Nasional1542 Dilihat

JAKARTA – Hari raya keagamaan seperti Idul Adha dan Idul Fitri, adalah momentum untuk saling berbagi kepada sesama. Ini penting, agar kaum tidak beruntung yang kesulitan ekonomi bisa mendapatkan makanan yang layak. Apalagi kondisi ekonomi yang sulit bisa menjadi pintu masuk seseorang untuk masuk pada kelompok intoleran.

Demikian dikatakan Kepala Bidang Penyelenggaraan Peribadatan Masjid Istiqlal Jakarta, KH. Bukhori Sail At-Tahiri, di Jakarta, Jumat (21/6/2024).

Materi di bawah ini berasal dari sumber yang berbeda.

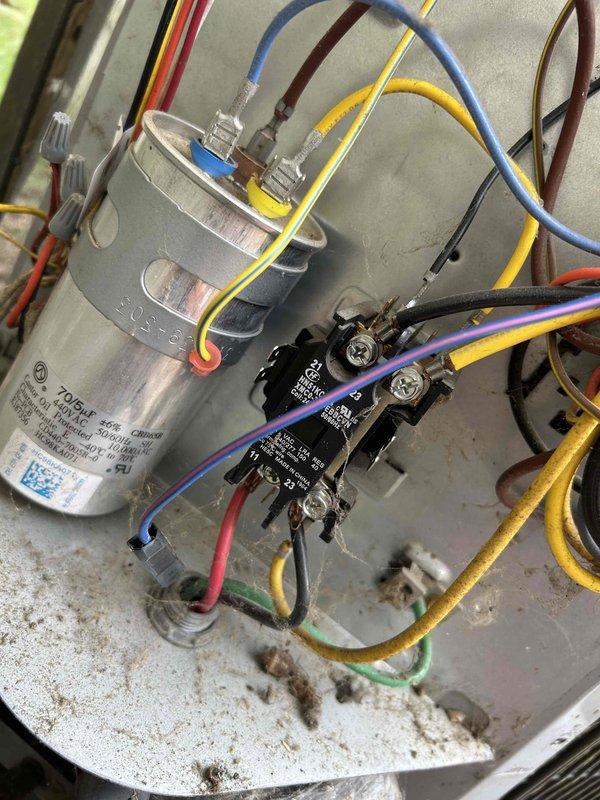 Responded to service call for wireless thermostat displaying error message and unable to connect to outdoor condensing unit. Inspected outdoor unit and found aged equipment with weathered components and accumulated debris on cabinet and coil surfaces. Examined electrical panel containing capacitor and contactor assembly, verified wire connections at terminals, and tested communication pathway between thermostat and control board. Troubleshot wireless connectivity issue, reset communication protocol, and restored proper connection between thermostat and HVAC system. System now operating normally with thermostat communicating successfully with condensing unit.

“Mereka yang terjaring untuk masuk terkadang merasa lebih diperhatikan oleh sesama kelompoknya ketimbang masyarakat pada umumnya. Disinilah pentingnya Idul Adha yang baru saja kita rayakan kemarin sebagai wadah saling berbagi antar masyarakat, agar intensitas pengaruh kelompok intoleran bisa ditekan,” ujarnya.

“Saya setuju dengan yang berpendapat bahwa masuknya seseorang pada kelompok radikal berbasis kekerasan itu diantaranya karena kondisi ekonomi yang terpuruk, sehingga mereka lari kepada radikalisme. Hal yang demikian perlu kita perhatikan bersama,” tambahnya.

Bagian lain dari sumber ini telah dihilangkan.